But the longer-term consequences of the sanctions are likely to be much more severe, in particular if they spill into a wider economic war. Sanctions and their harm on business confidence are expected to greatly reduce Russia’s trade and investment with the West for decades. The war has also brought into question again the reliability of global supply chains and reinforced previous calls for developing strategic industries domestically and strengthening economic sovereignty. If the globalization process of the last three decades is over and current sanctions escalate into a global economic war, the loss of productivity from dismantling the international division of labor could be substantial. A recent study found that a 1.0 percent increase in economic globalization raised productivity by 0.5 percent in Organisation for Economic Co-operation and Development (OECD) countries in the long run. Deglobalization would shave that off both productivity and real GDP growth rates.
Hefty sanctions also usefully serve the less conspicuous interests of governments, which also makes them hard to lift. The embargo on Russian energy, which sent the prices of oil and gas through the roof, is helping accelerate the transition from fossil energy, but raises the social costs of implementing Green Deal plans rapidly. The push for rearmament increases public spending and taxation, usually to the benefit of the military-industrial complex. In addition to the unfortunate loss of human lives, tremendous suffering, and economic destruction, wars go hand in hand with a tightening of government control over civil liberties and dilution of human rights.

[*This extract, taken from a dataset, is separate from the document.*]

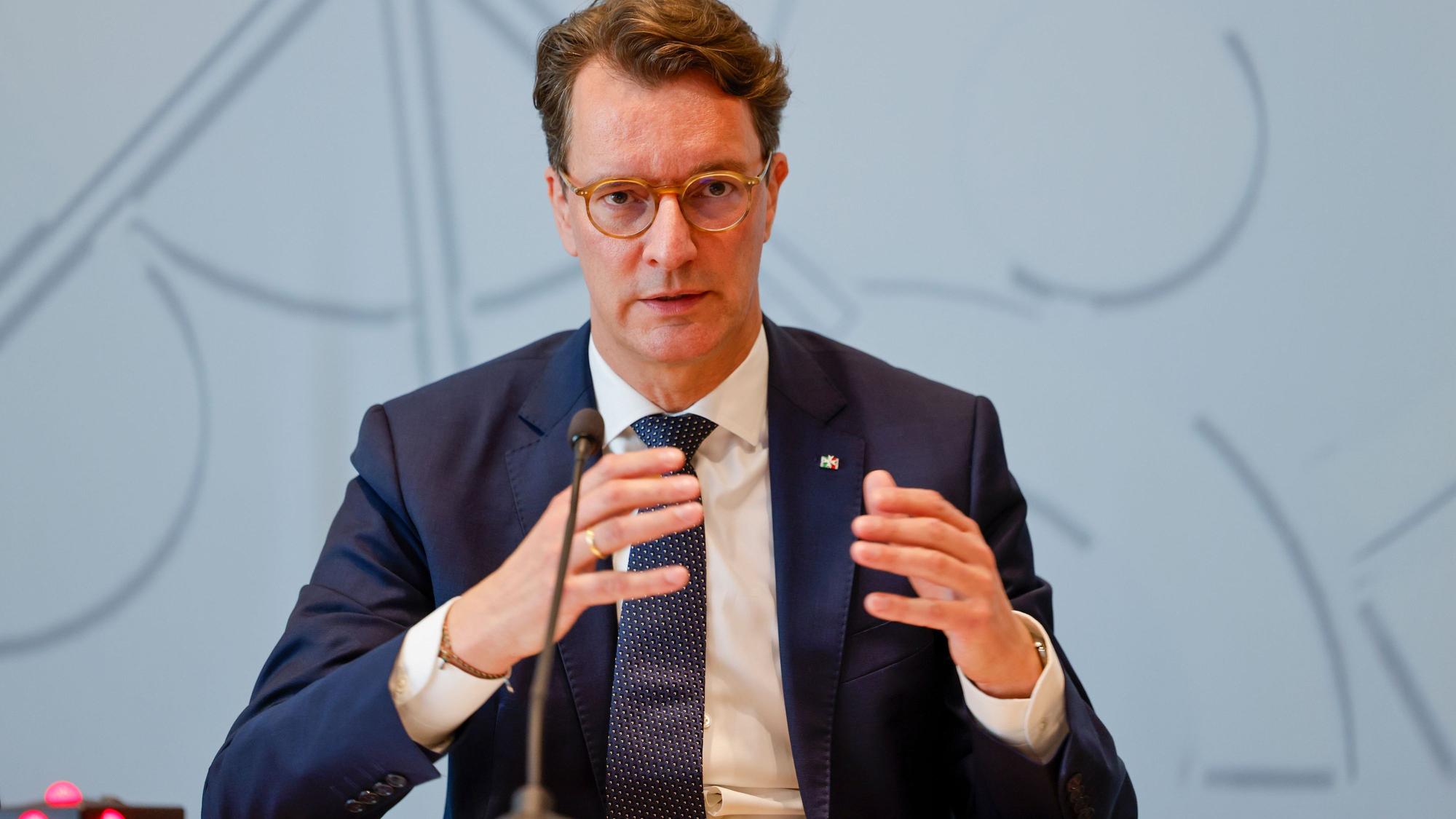 NRW-Ministerpräsident Hendrik Wüst (CDU) bei einem Vortrag.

Murray N. Rothbard recognized this all too well when he exposed his libertarian position against all wars waged by the state. Despite any good intentions, it is almost inevitable that any interstate war would involve aggression toward private individuals and their property on each side of the conflict, either through military action, conscription, or taxation. Therefore, Rothbard calls for the swift ending of any war and warns that “domestic tyranny … is the inevitable accompaniment of inter-State war, a tyranny that usually lingers long after the war is over.”